Onlar, hâkanımın başına “iklil”1er yağması; bu ise ayağına “iklil”lerin yüz sürmesidir, belki hepsi birden, etrafında pervane kesilen taçlara yüz vermemesinin, onları küçümsemesinin ifadesidir.
Dediklerimin şairane yahut yakıştırma olduğunu ileri sürebilir, fakat ona yakışmadığını söyliyemezsiniz.
*
Profesör Babinger, diğer resimlerde üç olarak dikkati çeken, bu tabloda ise üçlü birime dayandığı zannını veren taçlara “temsili mânada Selçuk, Kommen, Bizans taçları” demiş; o da bir yakıştırma yapmıştır ve onun dediği de yakışmıştır.
Fakat, profesöre rağmen, bu resimdeki yedi tacın Fatih’in yedinci Osmanlı padişahı olmasına delâleti, yakıştırmaların gerçeğe en yakını olsa gerektir.
*
Bellini, eserine -hangi mânada olursa olsun- bazı bilgiler, semboller sıkıştırmış olabilir.
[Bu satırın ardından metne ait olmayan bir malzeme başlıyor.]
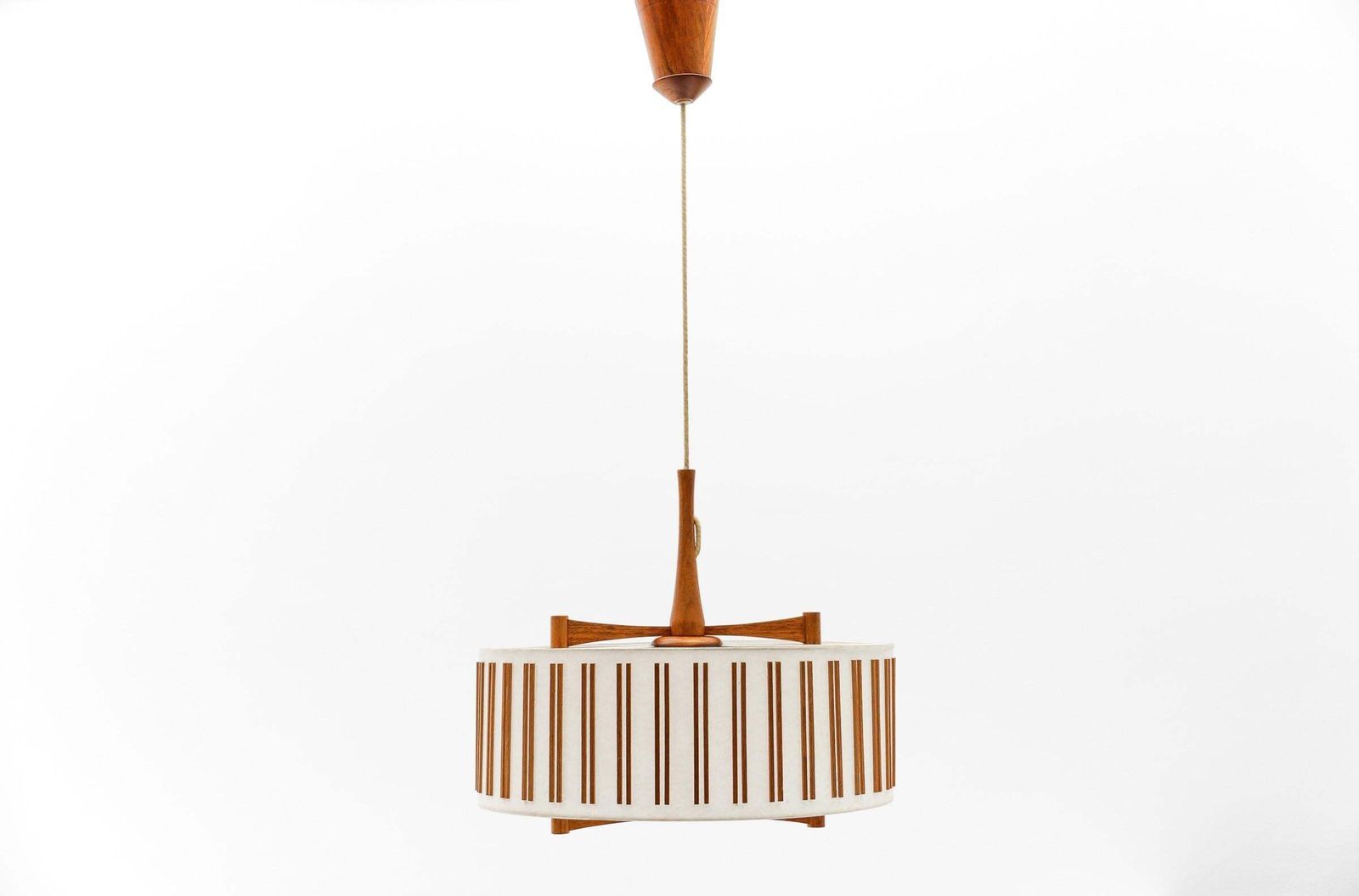 Beautiful Adjustable Japanese Style Ceiling Lamp Made Of Teak Wood By Temde Swiss, 1960s photo 2369.0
Ama, daha sonra yetişip Kanuni’nin resmini yapsa ve fırçasını aynı sembolik dille konuşturmak istese, çok zor durumda kalacaktı: Fâtih’in resmine sığdırmak için hayli küçültmek mecburiyetini duyduğu taçlar Süleyman’da, hükümdarlık sırası bakımından “on”u, sahip olduğu ülkeler sayısı bakımından kim bilir kaçı bulacaktı… ve taçlar çoğaldıkça çoğalacak, tablonun esas konusunun yanında küçüldükçe küçülecekti.
*
Bellini, bu küçük bilgiyi tablosuna ister kendiliğinden, ister Fâtih’in muvafakati veya emriyle koymuş olsun, hatırlamak lâzım gelir ki Osmanlılarda tacın yeri hazine veya harem dairesiydi… daha doğrusu, Osmanlılıkta taht var, lâkin taç yoktu, hattâ ilk zamanlarda taht da yoktu.
İkinci Sultan Mehmet de dedeleri, çocukları ve yakın torunları gibi, eğeri taht, tolgayı taç bilmiş, o sayede «Fâtih» olmuştur. Değerini taçlarla ölçmek gerekirse, ona üç taç da, yedi taç da az gelir.